== Supplied records
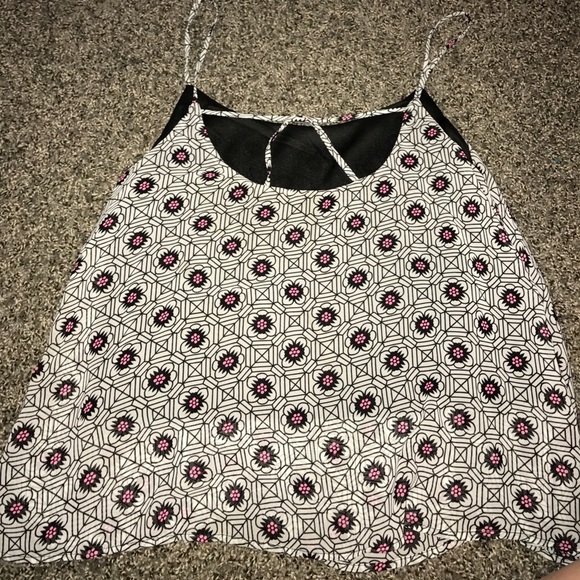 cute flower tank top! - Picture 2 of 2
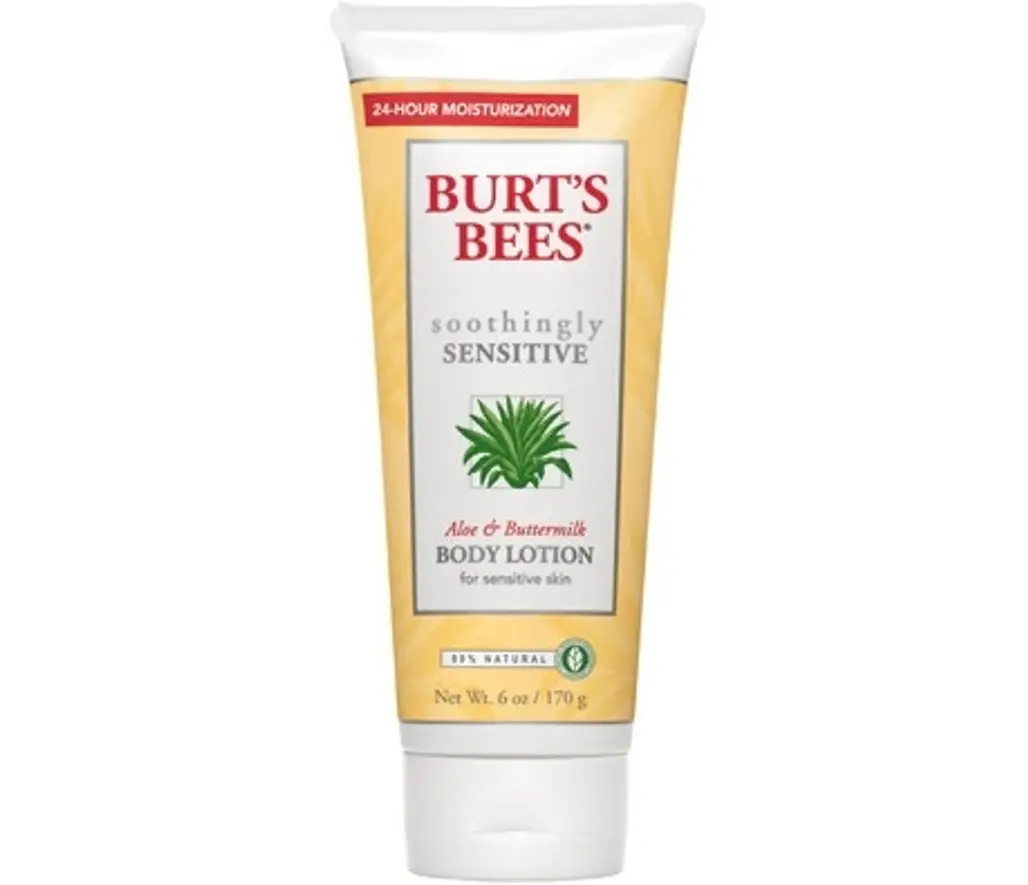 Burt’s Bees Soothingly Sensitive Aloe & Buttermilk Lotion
====
== Supplied records
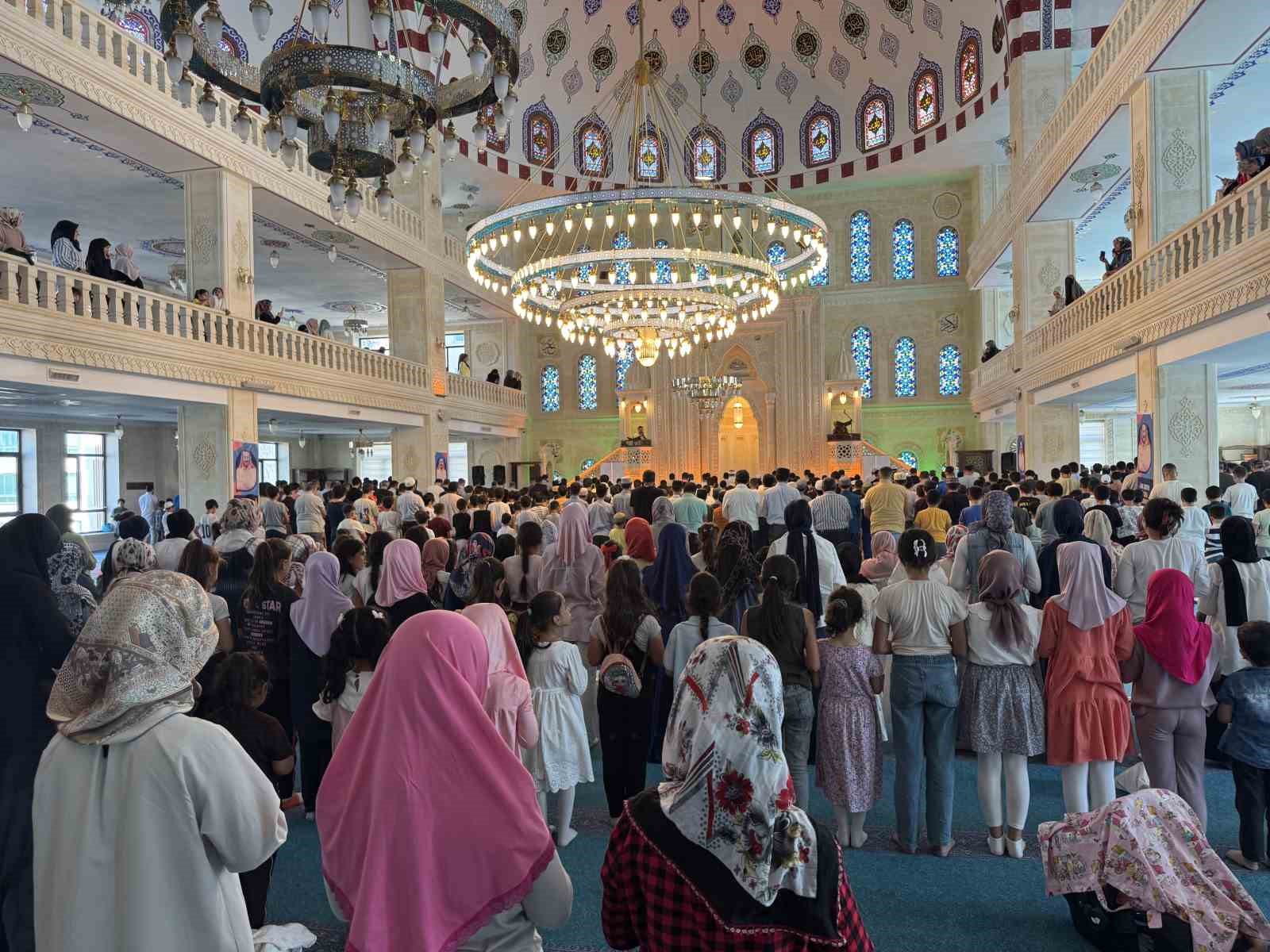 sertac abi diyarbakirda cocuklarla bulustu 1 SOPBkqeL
====
Now transcribe the lines above exactly, starting at the line containing "cute flower tank top! - Picture 2 of 2" and ending at the line containing "Burt’s Bees Soothingly", both lines included, pictures excluded.

 cute flower tank top! - Picture 2 of 2
 Burt’s Bees Soothingly Sensitive Aloe & Buttermilk Lotion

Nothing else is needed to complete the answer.